Tonight’s movie first: it’s not going to make anybody’s best movie ever list, but it’s a good, solid summer action movie with plenty of explosions and enough intelligence behind it to never kick you out of the experience. I’d heard people say it’s like “Alias” with Tom Cruise, but not really — it’s a good bit less goofy than “Alias.” And I’ve heard people were averse to see it because of Mr. Cruise, but for all his faults you’ve got to give him credit: once the movie starts, he usually disappears and does a good job. There’s only one bit where he was acting, where he’s telling his fiancee to trust him. The rest is all running from stuff getting blown up, and, which struck me as unusual for an action movie, acting like he’s winded afterwards.

So that’s one down. My take on the rest of the movies I’m interested in seeing, in order, just based on the trailers:

  1. Pirates of the Caribbean 2: I dunno, maybe that makes me a company yes-man or something. The trailer kicks ass. (The trailer I saw tonight isn’t online yet as far as I can tell). Great villain, good one-liners, neat effects, looks like a hell of a lot of fun.
  2. X-Men 3: The buzz around this one is looking worse and worse, but I’m sticking by it.
  3. Superman Returns: I haven’t been able to put my finger on it, but this one just hasn’t really grabbed me. I still think the actor, the suit, Lois Lane, everything except Kevin Spacey as Luthor, just seems “off.” The new trailer is great, though, so that bumped it up the list.

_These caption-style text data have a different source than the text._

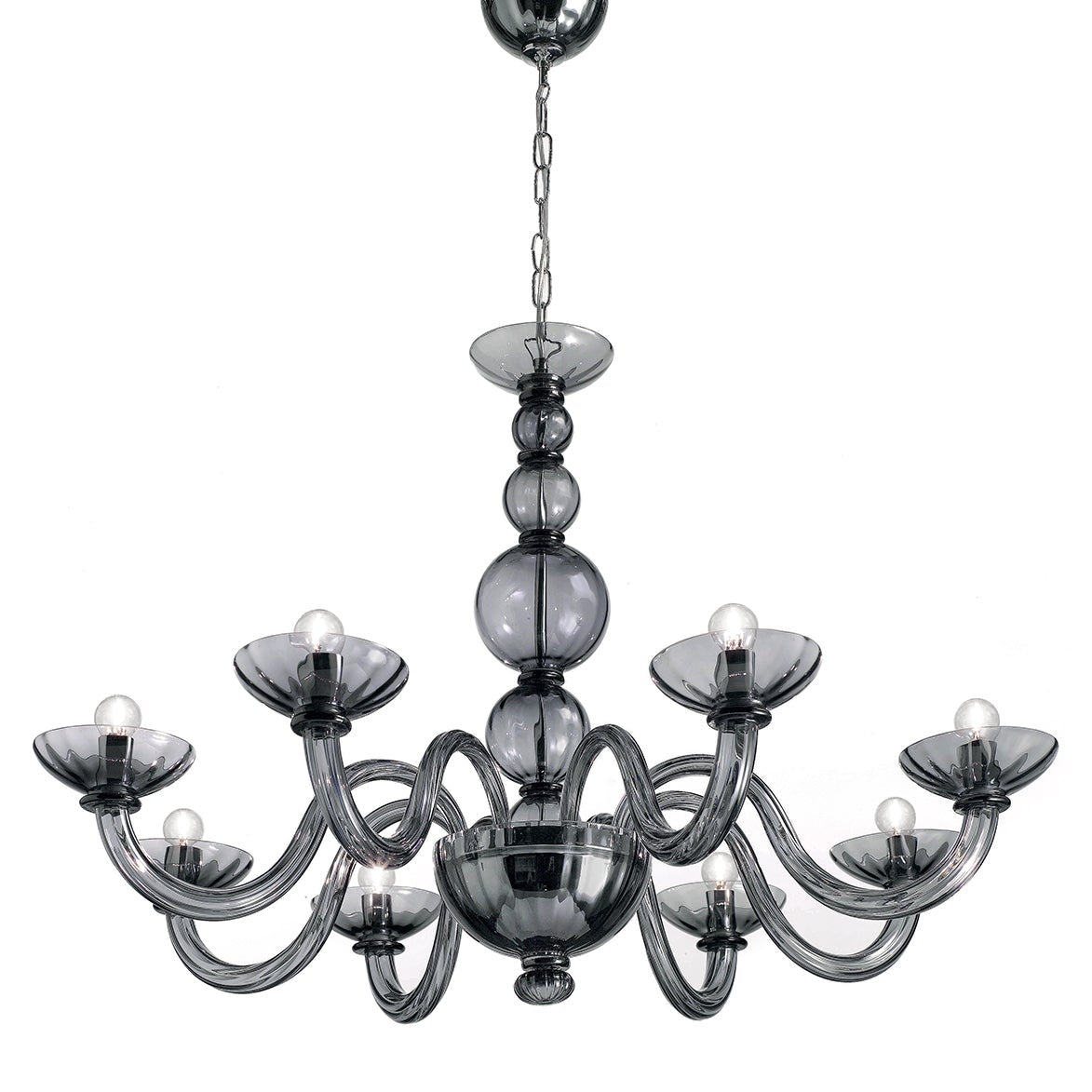 Handcrafted Luxurious Two-Tier Venetian Chandelier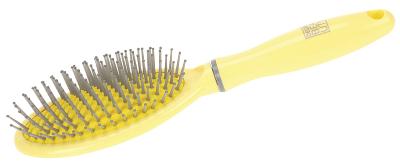 Щетка Dewal Beauty серия "Лимонный пудинг", массажная, с нейлоновым штифтом, овальная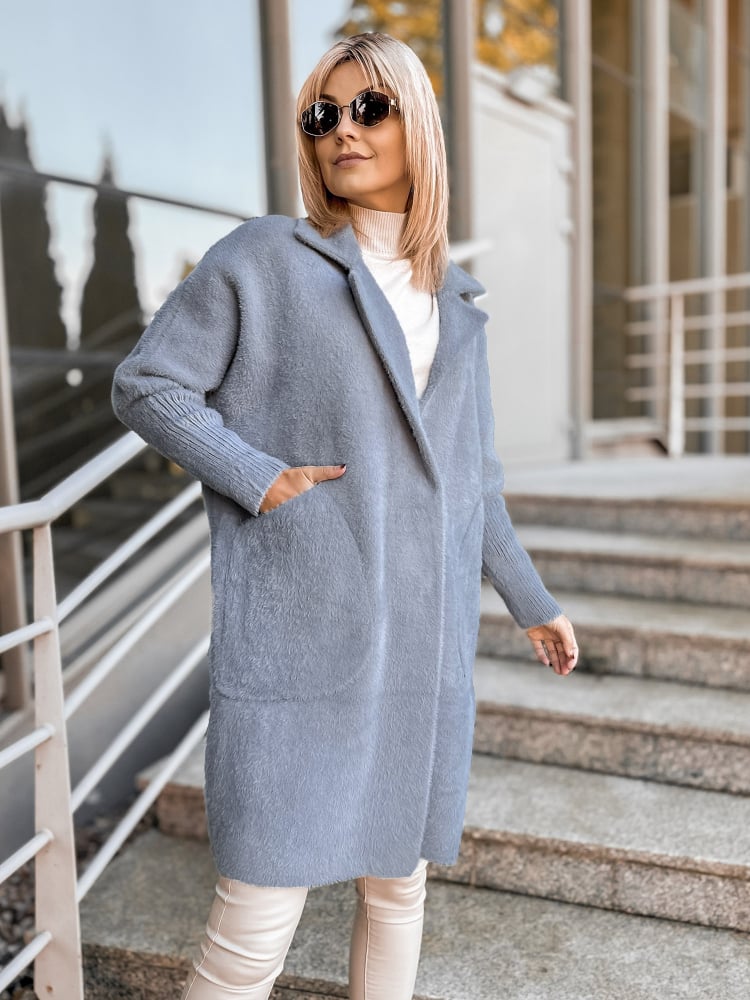 PŁASZCZ ALPAKA REIL SZARY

  4. The DaVinci Code: Remember this list is relative. I’m not expecting the movie to be good, but I’m going to see it anyway — I sure as hell am not going to read the book, and the story sounds just interesting enough to make me wonder what all the fuss is about. Plus, Audrey Tautou.

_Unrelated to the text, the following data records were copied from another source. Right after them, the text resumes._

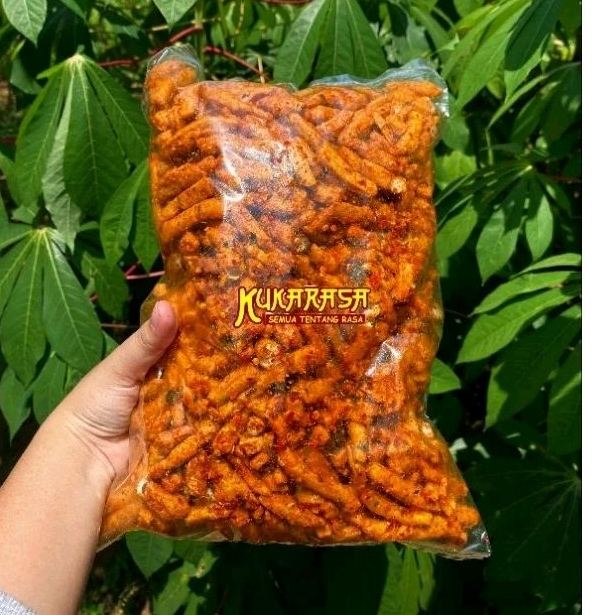 

BASRENG 500 GRAM / BASRENG PEDAS DAUN JERUK [ KUKARASA SNACK]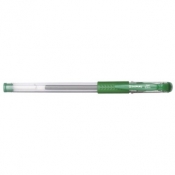 Długopis żelowy Donau przeźroczysty zielony 0,5mm(734200106)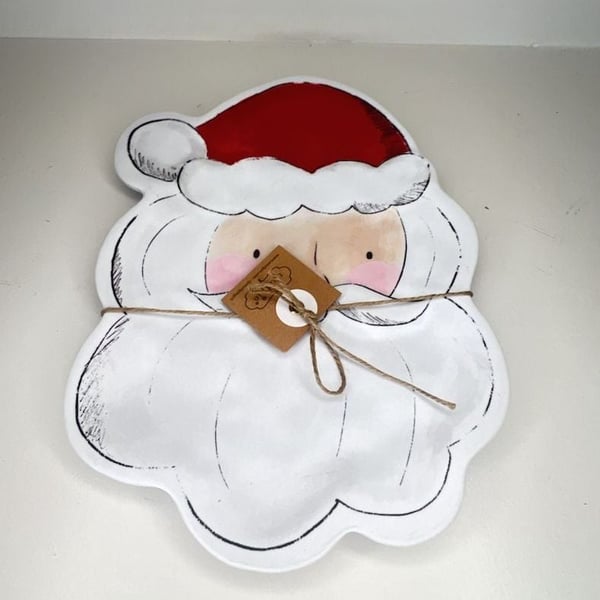 Mud Pie Santa Melamine Plate Christmas Holiday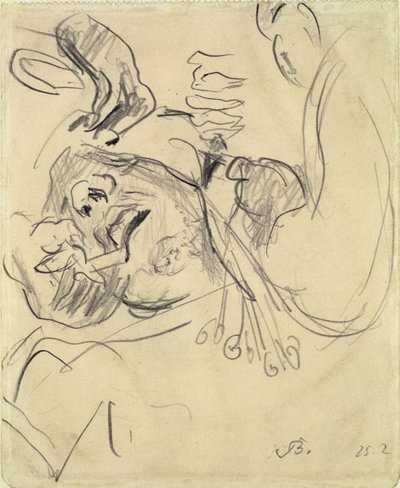 Paciente de Cirurgia da Cabeça de Max Beckmann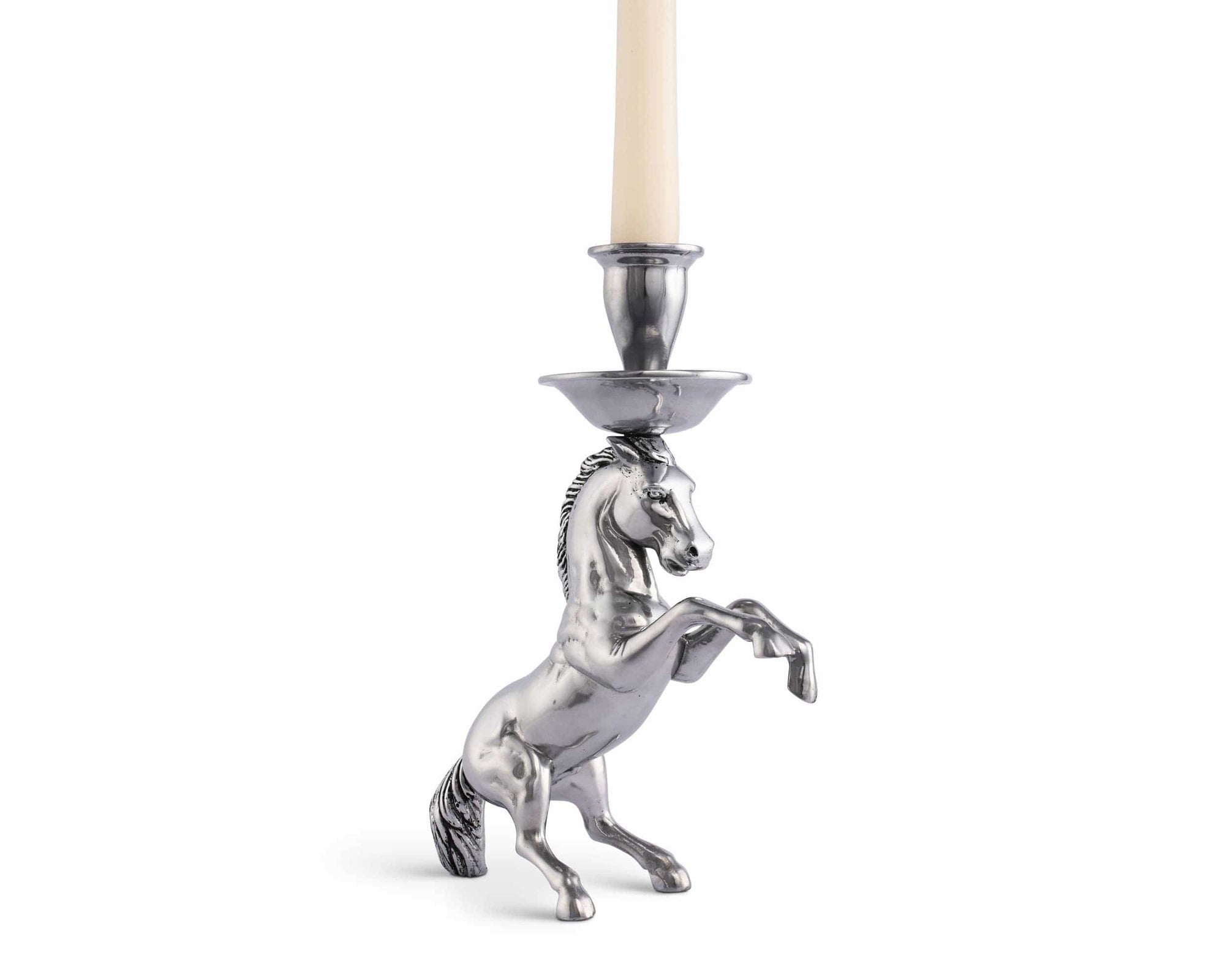 Arthur Court - Rearing Horse Candlestick - Exceptional Equestrian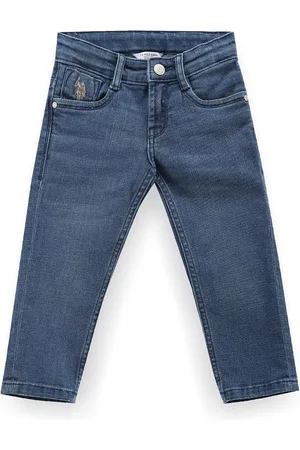 Ralph Lauren Boys Slim Fit Mid-Rise Light Fade Stretchable Jeans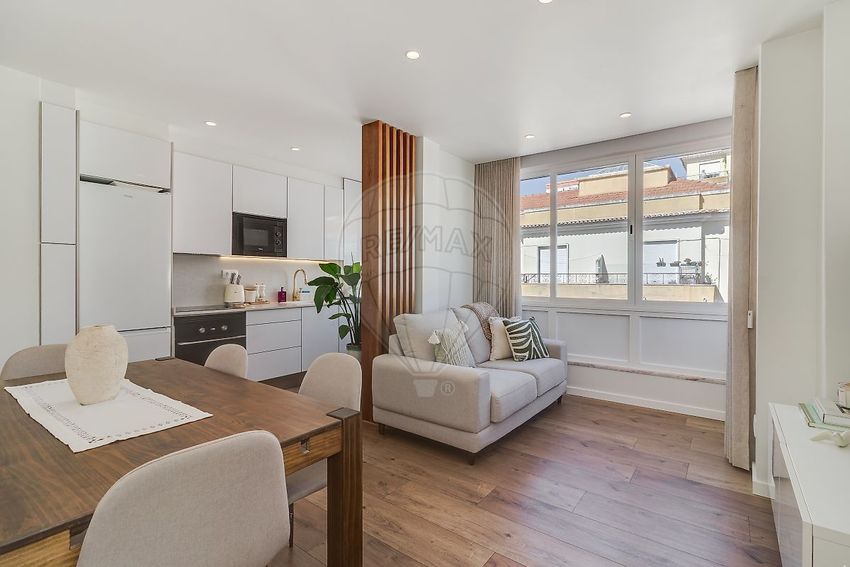 Imagem Sala de estar de apartamento t1 em Rua Vasco da Gama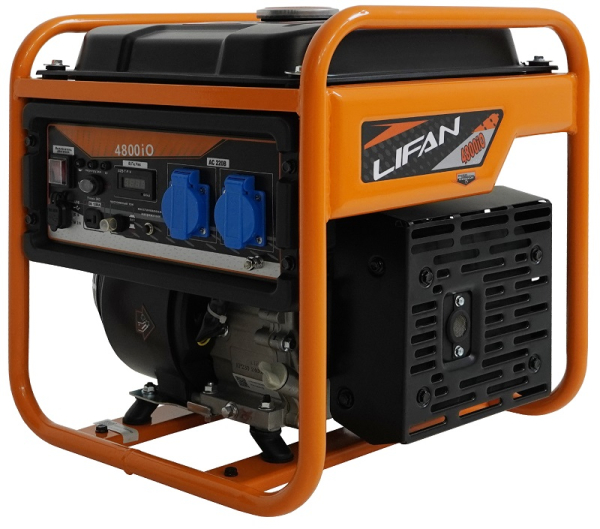 Бензиновый инверторный генератор Lifan 4800IO мини фото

  5. Over the Hedge: I know! I’m surprised too, but it looks like it might actuall be kind of funny. What sells it is William Shatner as a possum.
  6. The Omen: Why do I want to see this one? For you, Damien! It’s all for you! But really, it’s for Mia Farrow as creepy nanny. And because the original is just about the stupidest “thriller” movie ever made, and I’m curious whether it’s possible to make a scary movie out of it. Seriously, the whole movie is like two hours of Gregory Peck going from person to person and having them say, “your son is the devil,” and then dying horribly, and still he never clues in.
  7. Poseidon: And this getting down to the very bottom of the barrel, but it’s summer, and it’s a giant ship that rolls over and sinks. Which is a metaphor for something or other.

Not an outstanding line-up, but still. It should be enough of a diversion until Fall and Snakes on a Plane.